Zurück zur Kreativität. Soweit ich das beurteilen kann, wurden in der referenzierten Studie die Teilnehmer gebeten, nur Ideen für statische Objekte, z. B. Büroklammern und abstrakte Bilder, zu generieren. Von den Zuschauern wurde erwartet, dass sie ihren eigenen Kontext schaffen; die Objekte waren nicht definiert, umschrieben, durch ihre Rolle in einem größeren Bild. Untersuchungen zeigen, dass Menschen mit Autismus Probleme haben, ihre Erfahrungen im Kontext zu interpretieren (siehe zB Vermeulen, P., Autismus als Kontextblindheit ), während die meisten von uns Objekte gewöhnlich durch ihre Beziehung zu anderen Elementen einer Situation identifizieren. Zum Beispiel können wir zwischen einem Salz- und einem Zuckerstreuer durch das Vorhandensein oder Fehlen eines Pfefferstreuers oder einer Kanne Kaffee unterscheiden. Daher sollte es nicht verwundern, dass autistische Menschen Bilder auf einem kontextlosen Hintergrund gezeigt bekommen und Kontexte visualisieren können, die normalerweise nicht mit diesen Objekten assoziiert werden.

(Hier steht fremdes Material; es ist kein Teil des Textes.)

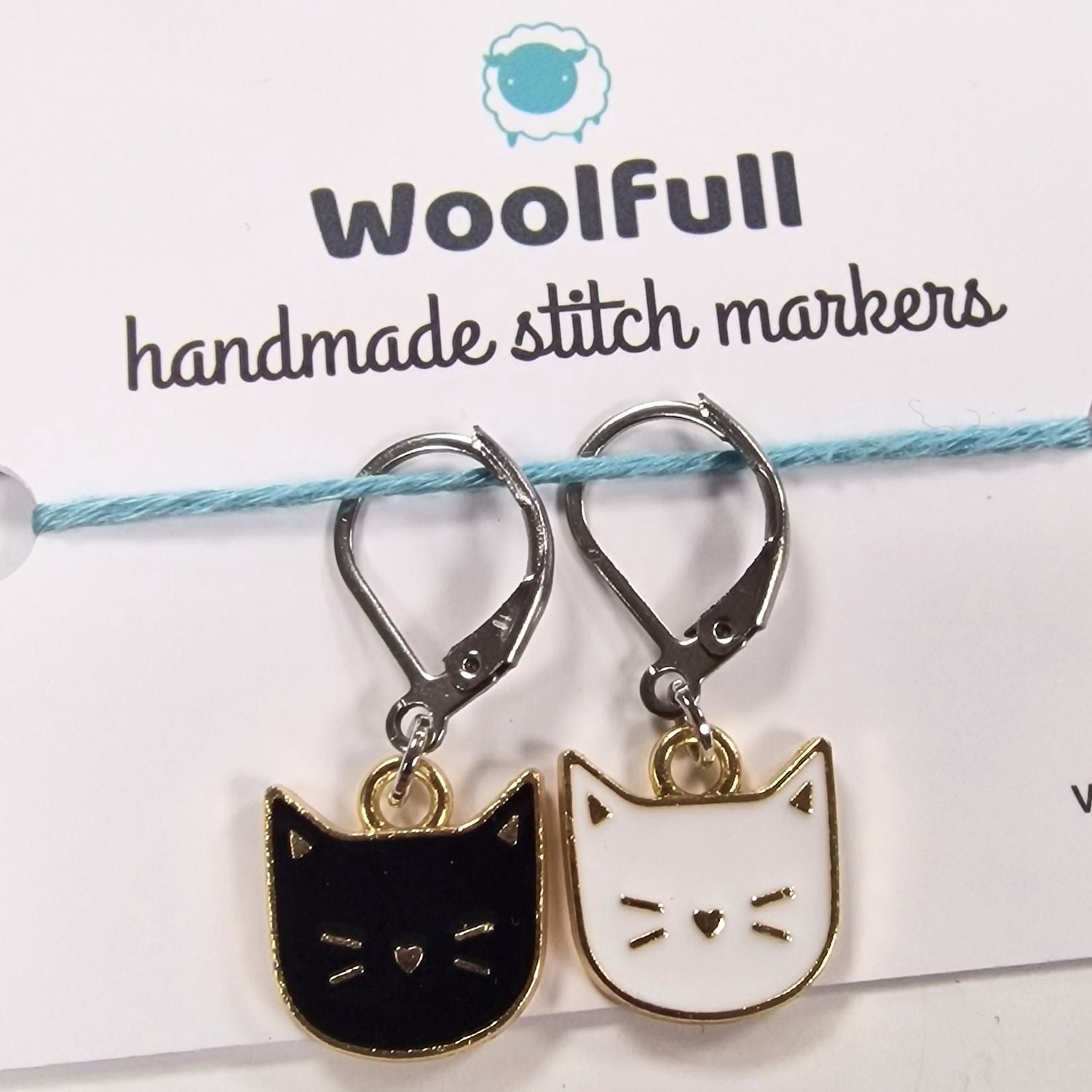2 cat shaped stitch markers, 1 black and 1 white.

Als Howard Gardner 1983 sein Buch Frames of Mind: Die Theorie der multiplen Intelligenzen veröffentlichte, revolutionierte er die Art und Weise, wie Pädagogen und Psychologen über Intelligenz denken. Anstatt nur das verbale und logisch-mathematische Denken zu messen, wie es der bekannte Stanford-Binet-IQ-Test tut, schlug Gardner vor, dass alle Menschen mindestens acht Modalitäten der Intelligenz besitzen. Unter ihnen sind musikalisch-rhythmische, zwischenmenschliche und kinästhetisch-physische Intelligenz. Wir alle besitzen stärkere Intelligenzen in einigen Modalitäten, und jedes Individuum ist einzigartig. Gardner hat uns gelehrt, dass ein Kind keine guten Noten in Lesen und Mathe verdienen muss, um schlau zu sein oder das Potenzial zum Erfolg zu haben.

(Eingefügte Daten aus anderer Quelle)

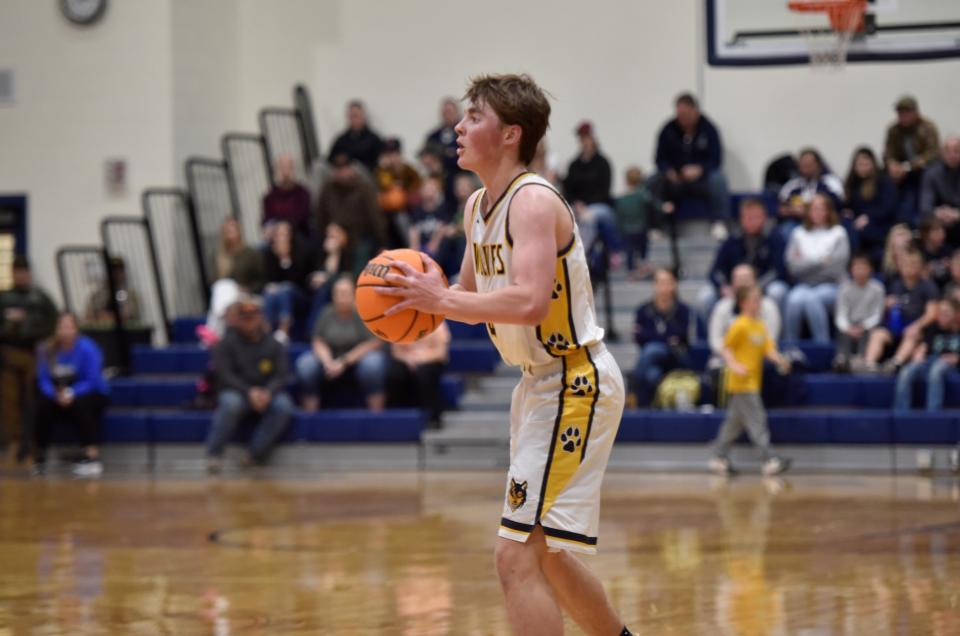 Ryland Randall looks for a teammate during the second half. Randall finished with eight points for the Wolves.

Ich hoffe, diese Forschungsstudie über Kreativität ist Teil einer ähnlichen Transformation in der Art, wie wir Kreativität verstehen. Einige kreative Menschen können fantastische Lügengeschichten komponieren. Andere können das Universum in ihren Köpfen neu gestalten, weil sie nicht durch konventionelle Weisheit eingeschränkt sind. Andere kreative Leute mögen. . . Wer weiß? Ich glaube, dass autistische Menschen oft ein kreatives Geschenk haben, das eine Feier verdient. Wir müssen aufhören, es zu finden.